Iman adalah manifestasi spiritualitas seseorang yang berhubungan dengan sesuatu yang transenden (transcendere: mengatasi dirinya), adikodrati, dan mistik. Iman berhubungan dengan penghayatan diri terhadap nilai-nilai absolut yang diyakini berada di dalam diri manusia (immanere: berada di dalam) karena yang transenden mampu mendatangkan sesuatu yang lebih berkuasa dari dirinya.

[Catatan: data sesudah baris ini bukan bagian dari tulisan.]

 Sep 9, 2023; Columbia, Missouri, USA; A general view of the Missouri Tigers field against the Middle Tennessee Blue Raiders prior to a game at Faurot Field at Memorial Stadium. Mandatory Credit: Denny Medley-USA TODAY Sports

Iman lebih dari sekedar percaya akan adanya sesuatu. Iman selain percaya, juga menuntut seseorang untuk ikhlas mengabdikan diri ke sesuatu tersebut sekaligus juga menunaikan hak dan kewajiban-kewajiban berdasarkan atas konsensus keimanannya. Keimanan saya kepada Tuhan akhirnya membawa saya pada ketaatan pada kewajiban religius yang harus ditunaikan atau juga kewajiban menghindari larangan.

Iman berasal dari cahaya petunjuk Allah yang menyinari qalbu manusia. Cahaya petunjuk dalam bahasa agama disebut hidayah. Hidayah turun karena kehendak-Nya. Petunjuk Allah sudah ada di dalam diri maupun di luar diri manusia karena Allah memiliki sifat Ar Rahman (pemberi). Namun tanpa hidayah yang merupakan hak prerogratif-Nya maka petunjuk itu tidak mampu dibaca oleh manusia. Inilah buah dari sifat Ar Rahim (Penyayang).

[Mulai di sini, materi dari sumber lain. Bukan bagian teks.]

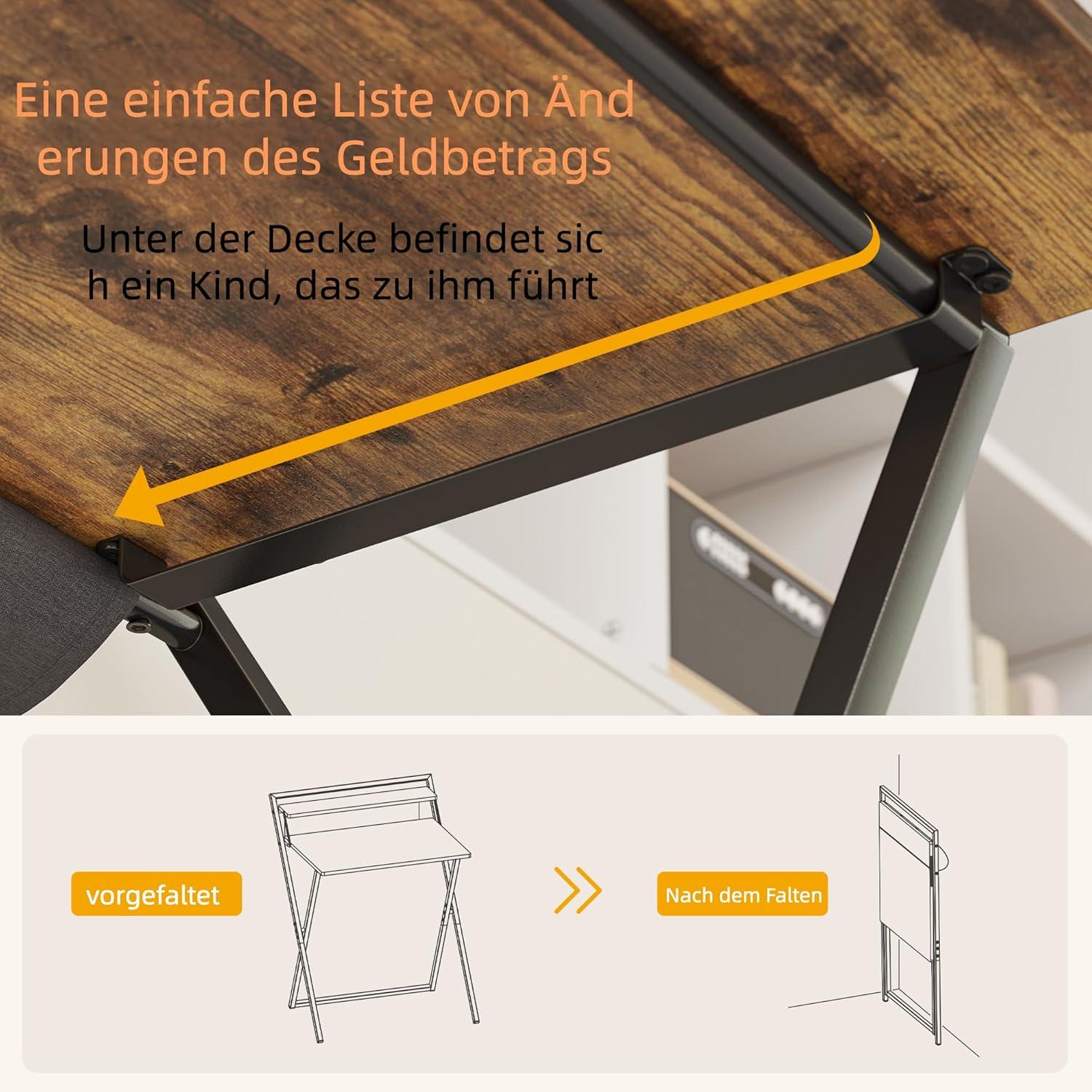 Kleiner klappbarer Schreibtisch mit Regal, kein Zusammenbau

Kepada siapa dia menyayangi seseorang maka dia memberikan hidayah berupa iman. Hidayah ini tidak diterima oleh sembarang orang. Hanya orang-orang yang dipilih-Nya saja, yang diberi hidayah berupa iman. Maka, logis bila seseorang yang beriman hendaknya bersyukur. Bersyukur atas iman membawa konsekuensi bahwa seseorang itu harus menjaga serta memupuk keimanannya dengan mengimplementasikan keimanannya itu untuk kemanfaatan ciptaan-ciptaan-Nya yang lain (terminologi agamanya: amal sholeh).

Semoga kita semua mampu bersyukur atas iman yang bercahaya di dada kita masing-masing dan bila belum mendapatkan hidayah iman, marilah memohon kepada-Nya agar dia secepatnya memberikan kita hidayah iman yang tidak ternilai harganya itu.